──────── Exercise material

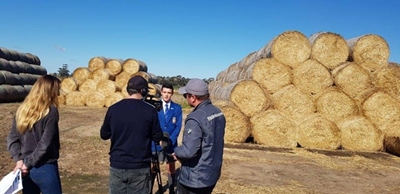 Oakdale op die kassie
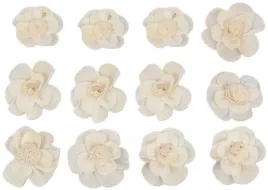 shola-potea-4-cm-bialy-kwiat-kwiatek-12-sztuk-szola-kwiatki-susz-egzotyczny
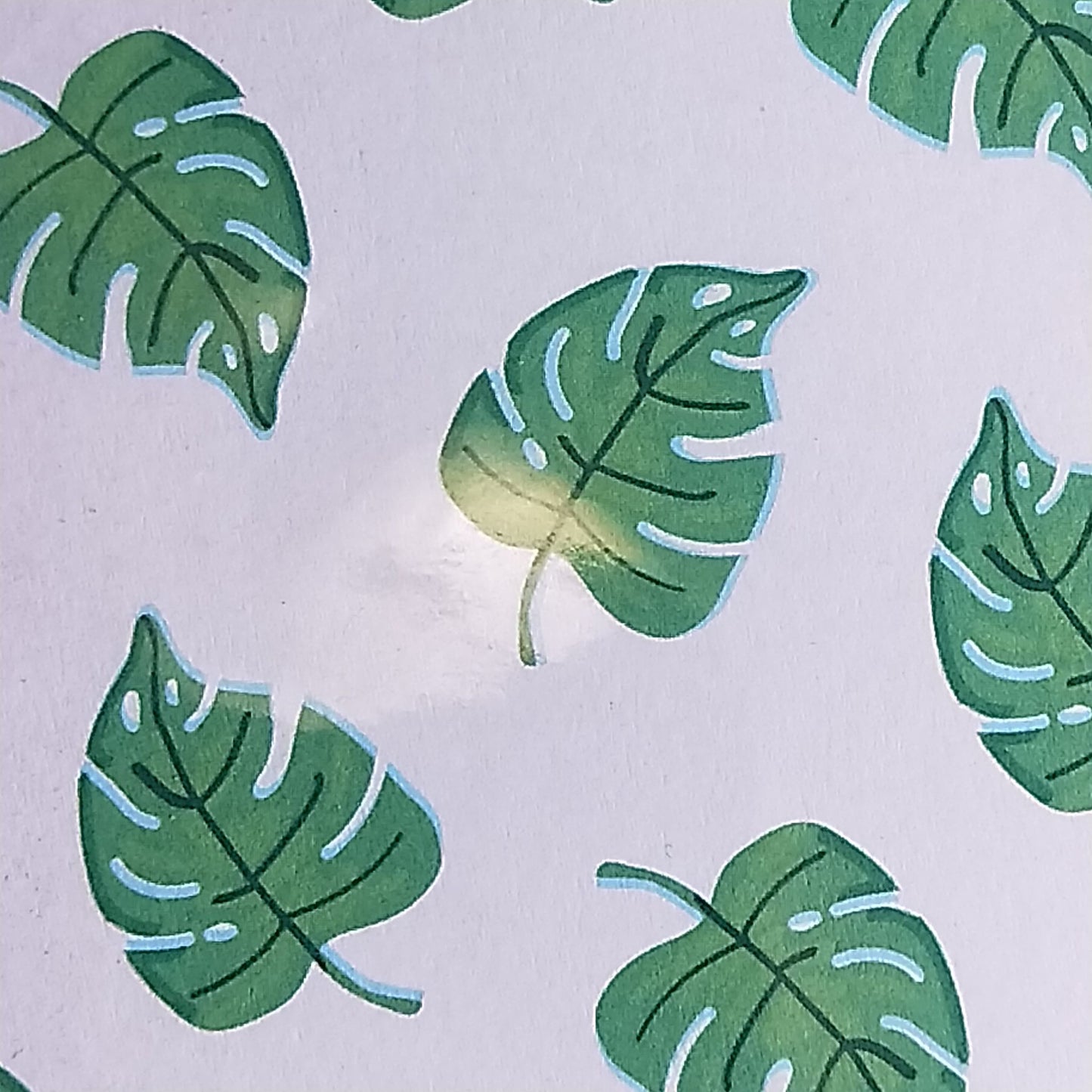 Wilddori 40 sheet Blank Insert - Monteria Leaf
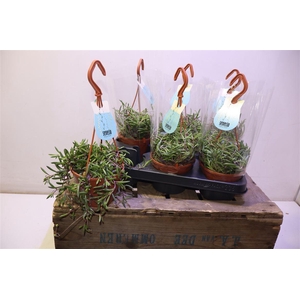 Senec H Purple Flush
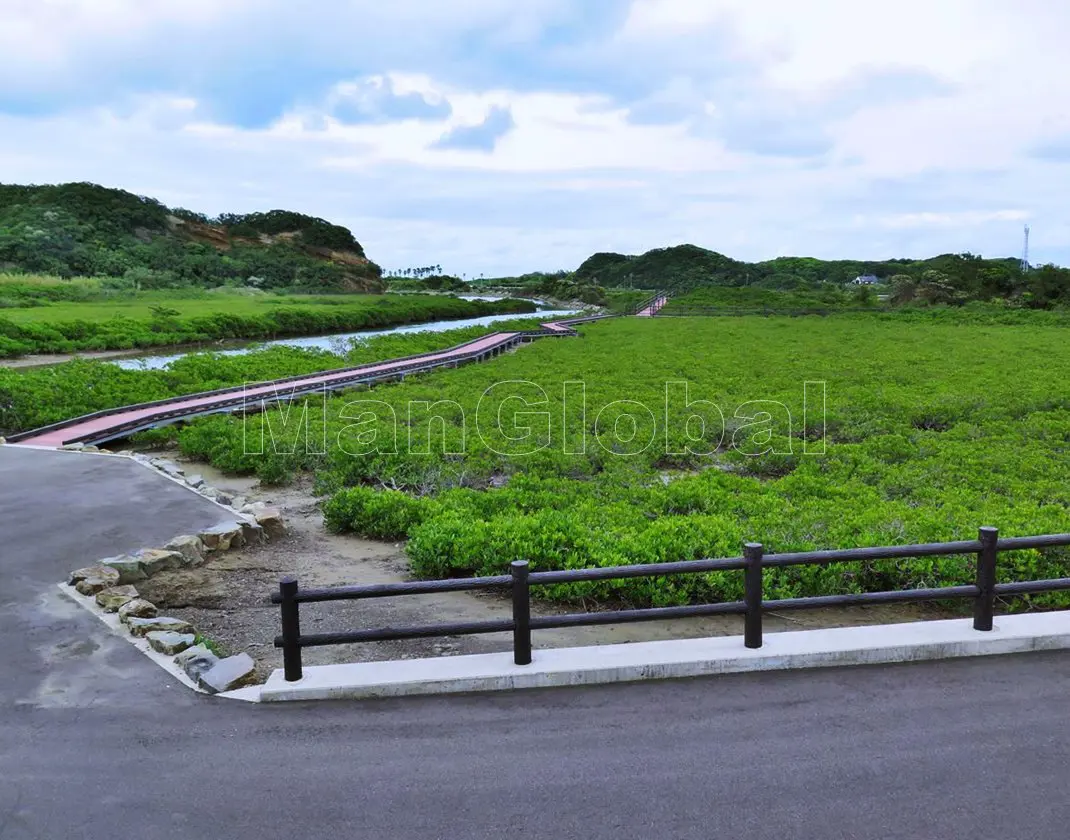大浦川のマングローブ自生地(5)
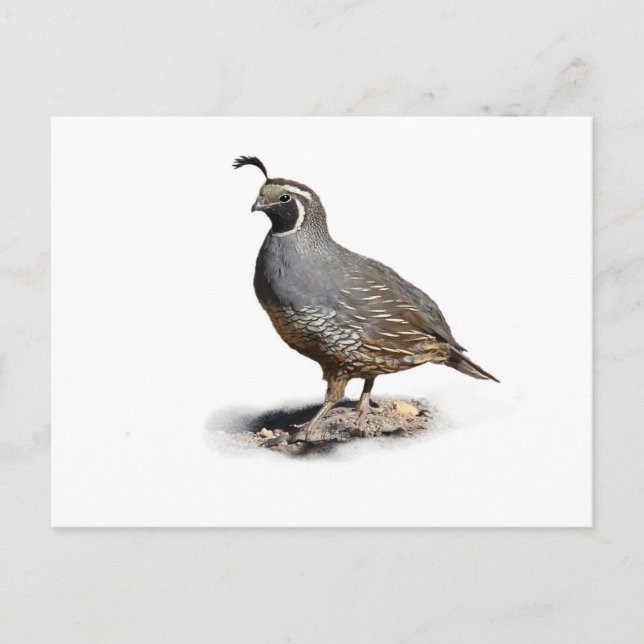 CALIFORNIA QUAIL VYKORT (Framsida)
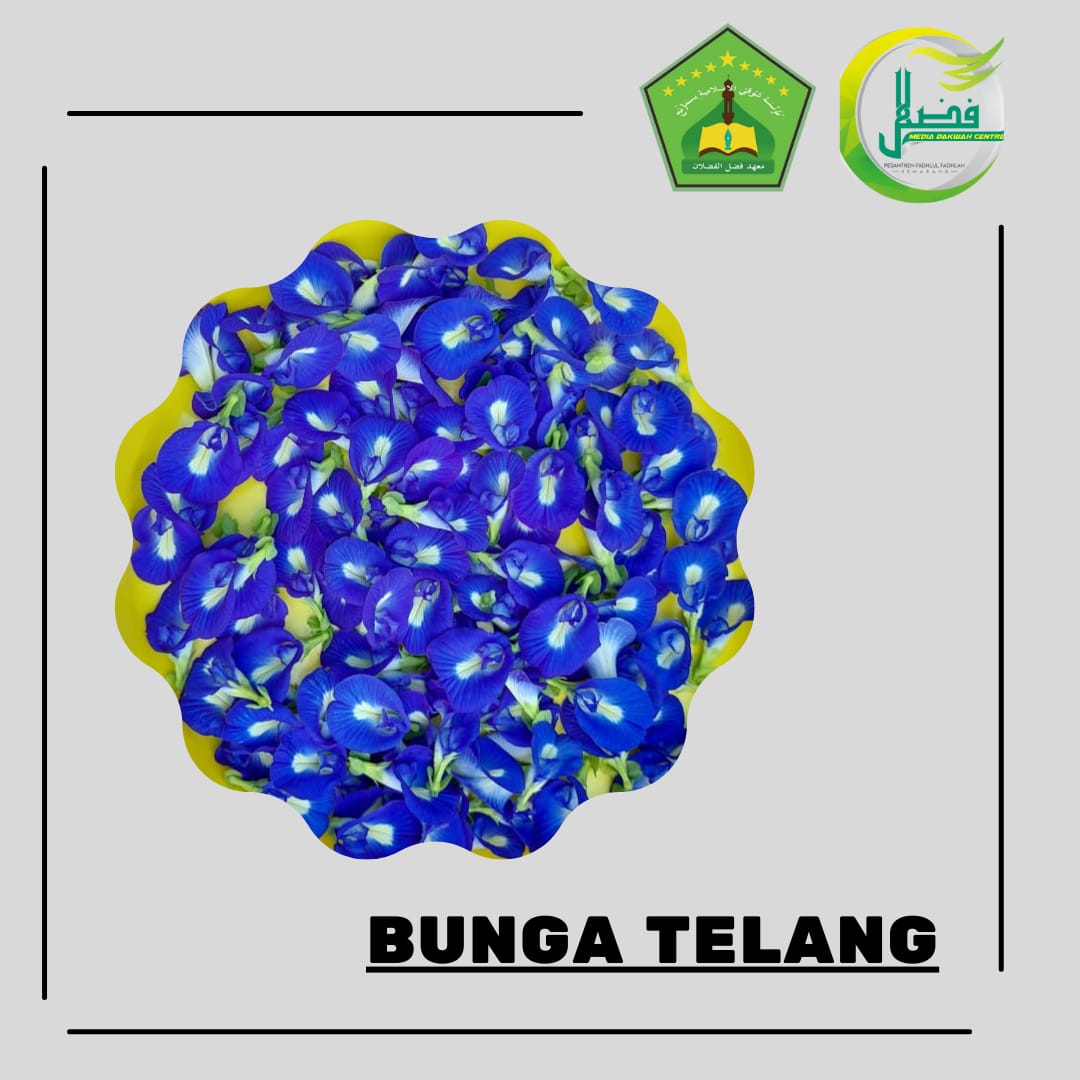 Tanaman Herbal di Pondok Pesantren Fadhlul Fadhlan Tanaman Herbal di Pondok Pesantren Fadhlul Fadhlan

────────────────

## Exercise
Every entry is to be transcribed exactly, but the pictures are to be left out.

## Task result
 Oakdale op die kassie
 shola-potea-4-cm-bialy-kwiat-kwiatek-12-sztuk-szola-kwiatki-susz-egzotyczny
 Wilddori 40 sheet Blank Insert - Monteria Leaf
 Senec H Purple Flush
大浦川のマングローブ自生地(5)
 CALIFORNIA QUAIL VYKORT (Framsida)
 Tanaman Herbal di Pondok Pesantren Fadhlul Fadhlan Tanaman Herbal di Pondok Pesantren Fadhlul Fadhlan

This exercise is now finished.